Yes, I got as tired of posting about the Da Vinci Code as you got of reading the posts. But it appears that Dan Brown may be in hot water for plagiarism:
Controversy in the press surrounding 'Da Vinci Code' author Dan Brown, just beginning to fade, will likely revive later this week when the July issue of Vanity Fair hits the stands. According to an advance copy, the magazine's contributing editor Seth Mnookin alleges -- in a massive article titled 'DaVinci Clone?' -- two new instances of possible plagiarism in Brown's past. Two textual analysis experts also tell him they believe Brown borrowed the plot for his book from Lewis Perdue's 'Daughter of God.'
The two libel experts say they are convinced Brown borrowed heavily from the Perdue book, despite Brown's recent victory in court. John Olsson, the director of Britain's Forensic Linguistics Institute, said, 'This is the most blatant example of in-your-face plagiarism I've ever seen. It just goes on and on. There are literally hundreds of parallels.'
Brown did not respond to requests for comment from Vanity Fair.
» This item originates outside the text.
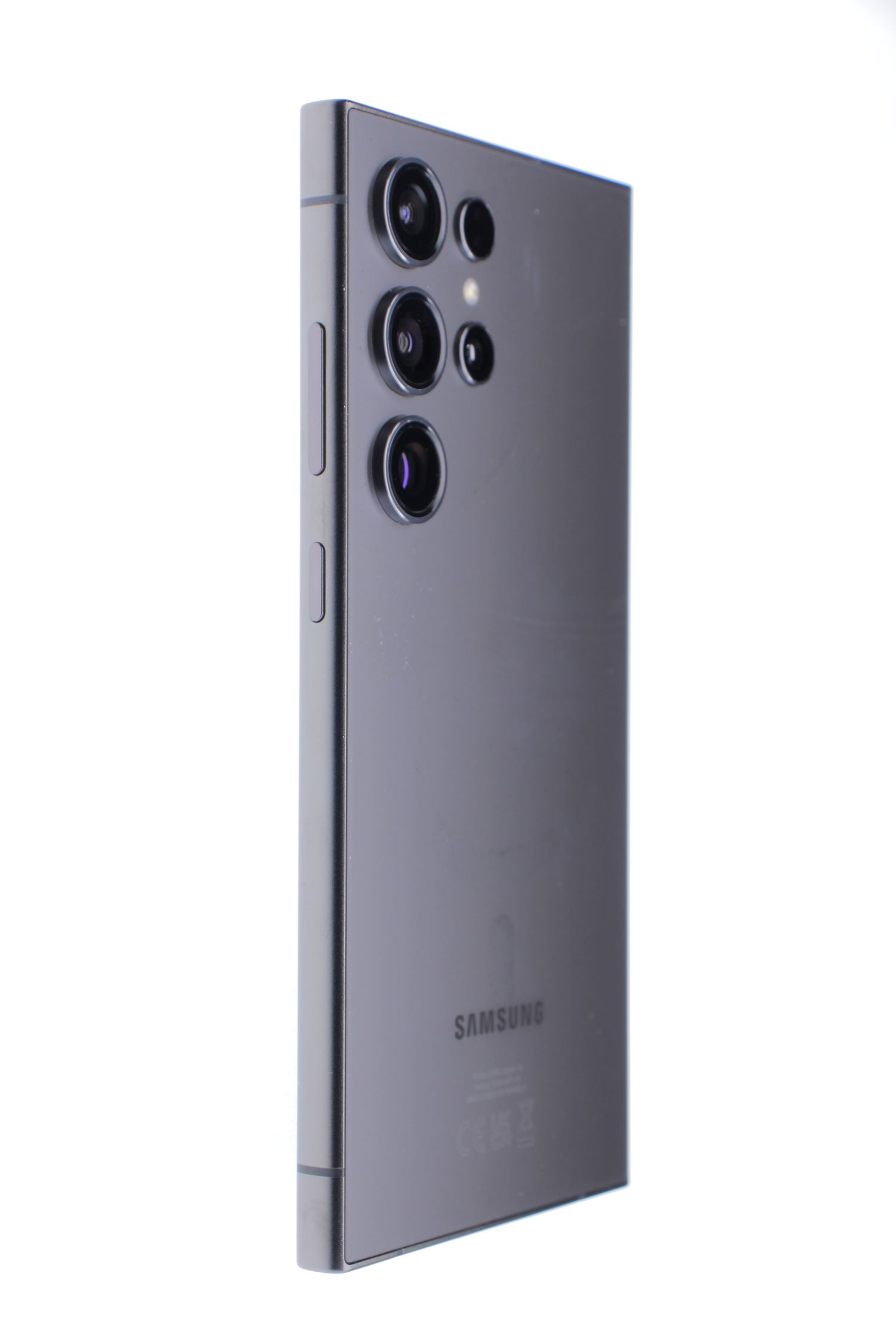 Samsung Galaxy S24 Ultra 5G Dual Sim 256 GB Black Titanium - Ca nou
Mnookin also cites an incident in which Brown copied for 'The DaVinci Code' an exact passage from the paper 'Leonardo's Lost Robot,' written by robotics expert Mark Rosheim. Brown's publisher, Doubleday, said it was covered under fair-use. Rosheim says, 'Every now and then I'll be giving a talk and someone will come in with The Da Vinci Code and ask me to sign a copy. Either that or they'll accuse me of copying him.'
Finally, Mnookin offers evidence that he says may link Brown's wife, Blythe, to a spate of 'mysterious' e-mails that Perdue has received, coming from one 'Ahamedd Saaddodeen.'
That Dan Brown has had few original thoughts is no surprise. That other people exist whose ideas can be lifted for such a book is downright disturbing. That Brown's wife is sending harassing emails signed with a Middle Eastern nom de plume is just odd.